So my wife told me 8 days ago she isn’t in love with me anymore. We have booked some immediate counselling sessions, but she is cold, uninterested and won’t let me in.

We have a 5 year old boy. The consequences will be huge for him and financially as well.

I have been through so many emotions, fear, depression, anxiety and anger.

Not sure what to do. Looking for some guidance and support from you the community.

Many thanks in advance.

42 Replies 42

Peppermintbach
Valued Contributor
Valued Contributor

Hi 38yearold,

I’m so sorry to hear that. You must be feeling so heartbroken and devastated...

As you said, you’ve been through a whirlwind of mixed emotions, and no wonder too...it’s heartwrenching news for you and your 5 year old boy...

I think it’s very brave that you booked in some counselling though. Is it okay if I ask whether it’s something you plan to continue long-term? Maybe with a bit of time (and more counselling), your wife will open up a bit more...

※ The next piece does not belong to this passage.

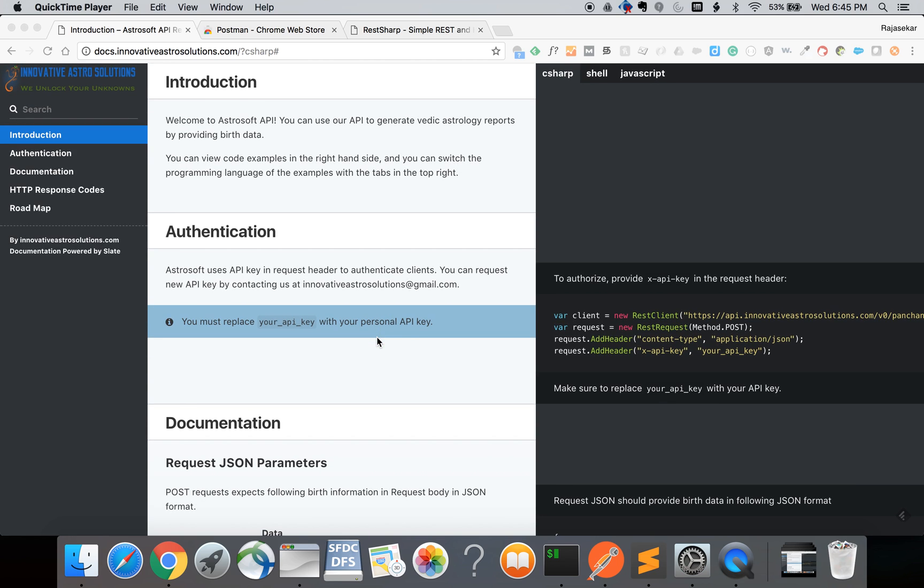Welcome to the Astrosoft API demo. Astrosoft API is an online REST API to generate Vedic Astrology reports by providing the birth data. In this video I am going to show you how to get started on using the Astrosoft API.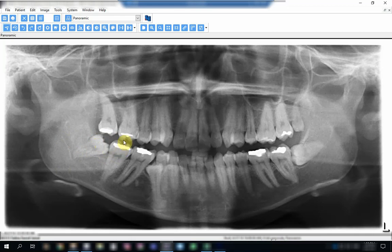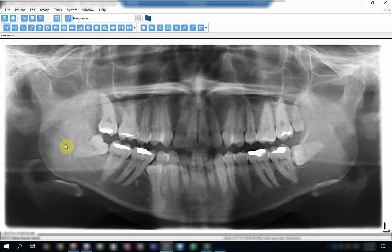It is better to be extracted, especially if the patient has started to complain. In the radiograph, I want you to concentrate on the apex of this tooth.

My thoughts are with you today....

Pepper

Thank you so much Pepper.

I am in no doubt I want to continue the relationship, I see a future with my wife and will do whatever it takes to fix the issues.

However, that seems out of my control, my wife is distant, won't kiss me, won't cuddle in bed, she has a wall built all the way around her and I can't get in.

She is clearly depressed herself, and has been for a long time, but is resistant to seek help.

I have tried flowers, massages and sweet messages. All of those things made it worse and she pulled back even more. It is extremely hard as I don't know what she wants and whether she sees a long term future. We have been together for 12 years.

Just trying to take a day at a time......

IsaJett
Blue Voices Member
Blue Voices Member

Hi 38 year old

welcome to this post and I feel like I like I can relate how u feel ..but it be different .

I was with the husband ...a super long time .,together 24 years ..but that doesn’t change anything for u ..but here’s what might help u ...

i thought my world would end ..it would halt ..my kid would suffer and all that ..i felt carpet under me was being ripped off . I just was lost in darkness.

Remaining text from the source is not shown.